== Segment start ==

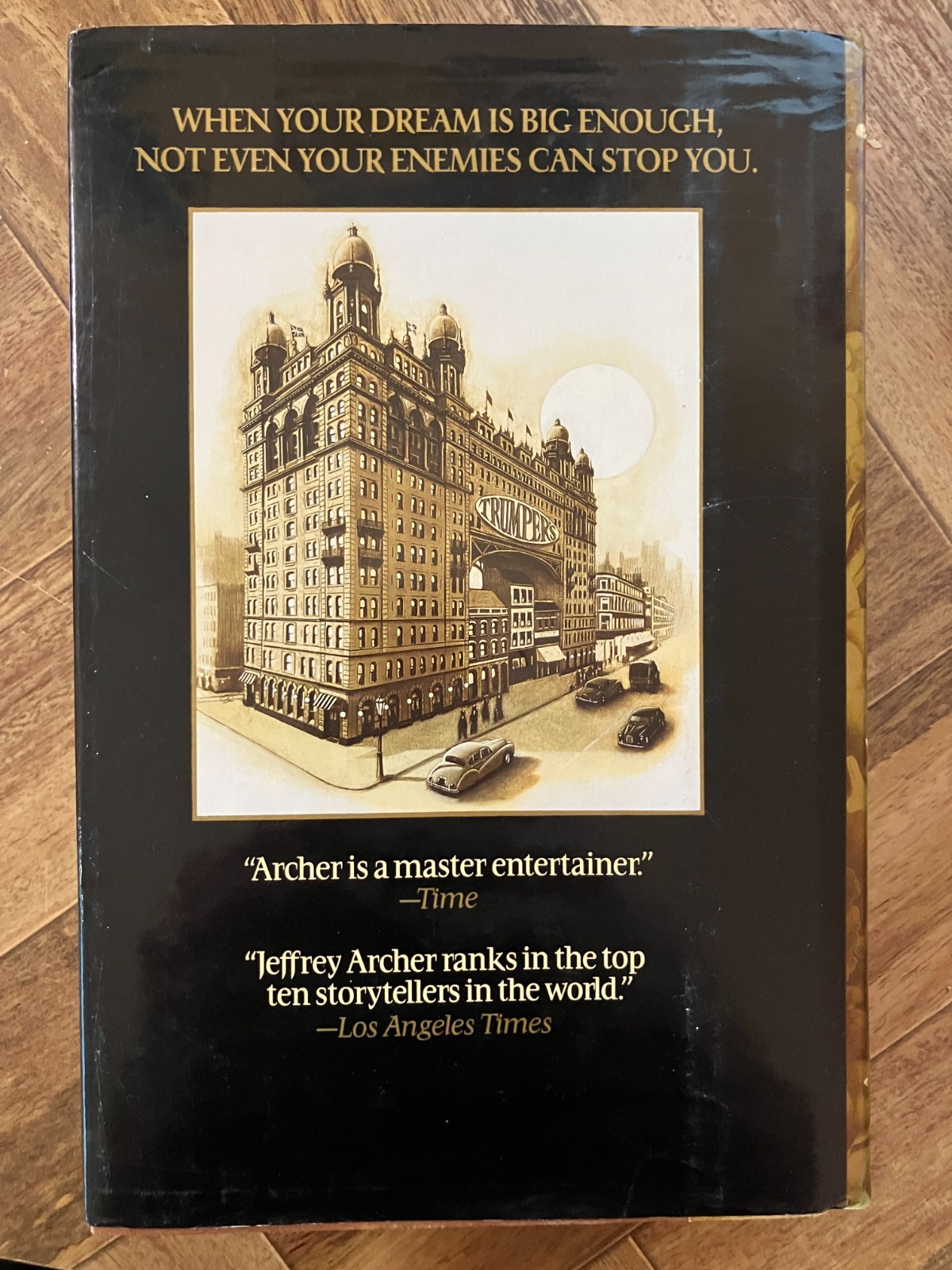 AS THE CROW FLIES By Jeffrey Archer - Hardcover *Very Good Condition* image 2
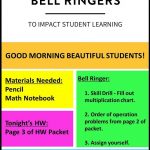 6 Ideas For Bell Ringers | Bright Ideas For The Classroom | Bell   Free Printable Bell Ringers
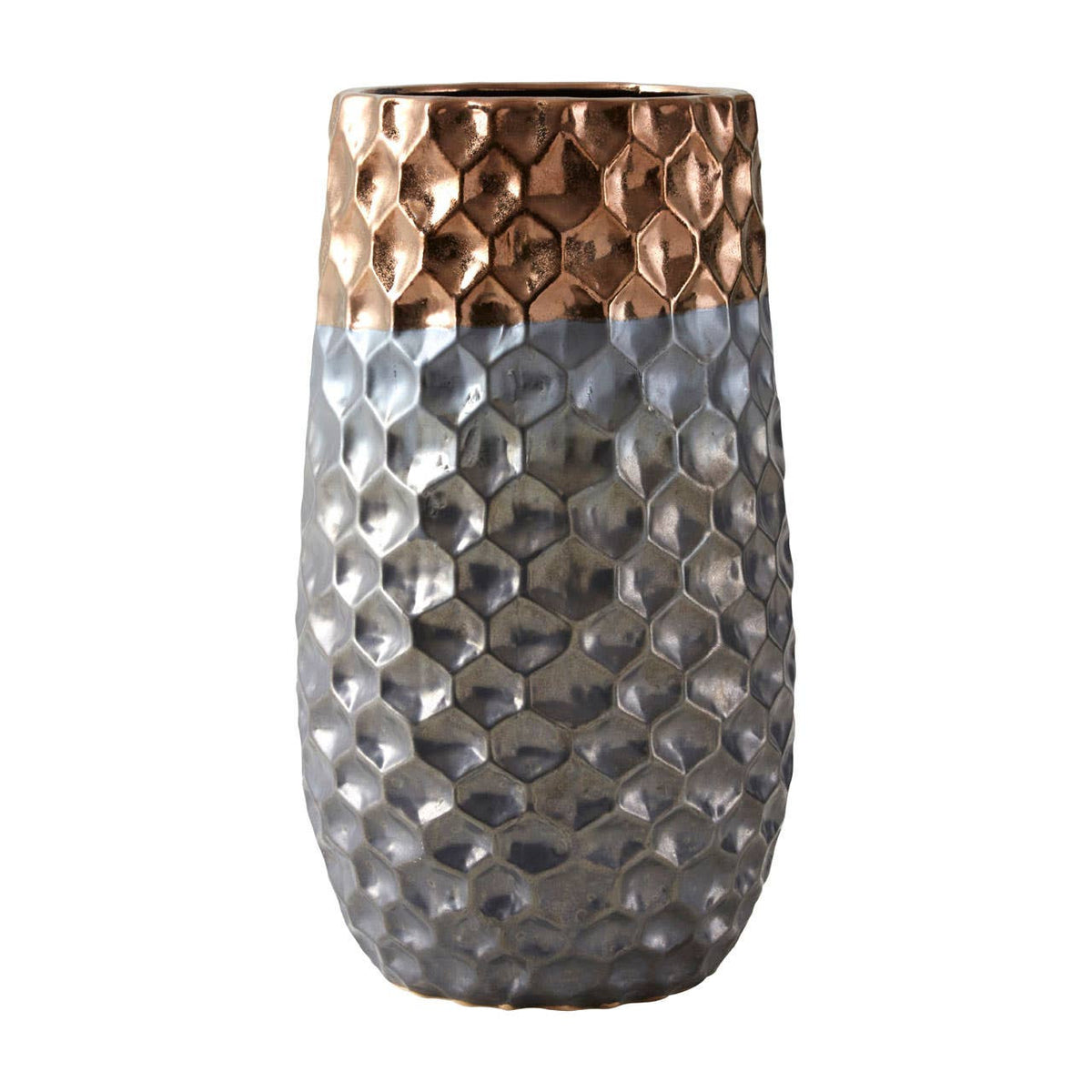 Galaxy Ceramic Vase Collection with Metallic Finish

== Segment end ==

**EXERCISE INSTRUCTIONS**
Everything in the data except the pictures must be transcribed exactly.

**REPLY**
 AS THE CROW FLIES By Jeffrey Archer - Hardcover *Very Good Condition* image 2
 6 Ideas For Bell Ringers | Bright Ideas For The Classroom | Bell   Free Printable Bell Ringers
 Galaxy Ceramic Vase Collection with Metallic Finish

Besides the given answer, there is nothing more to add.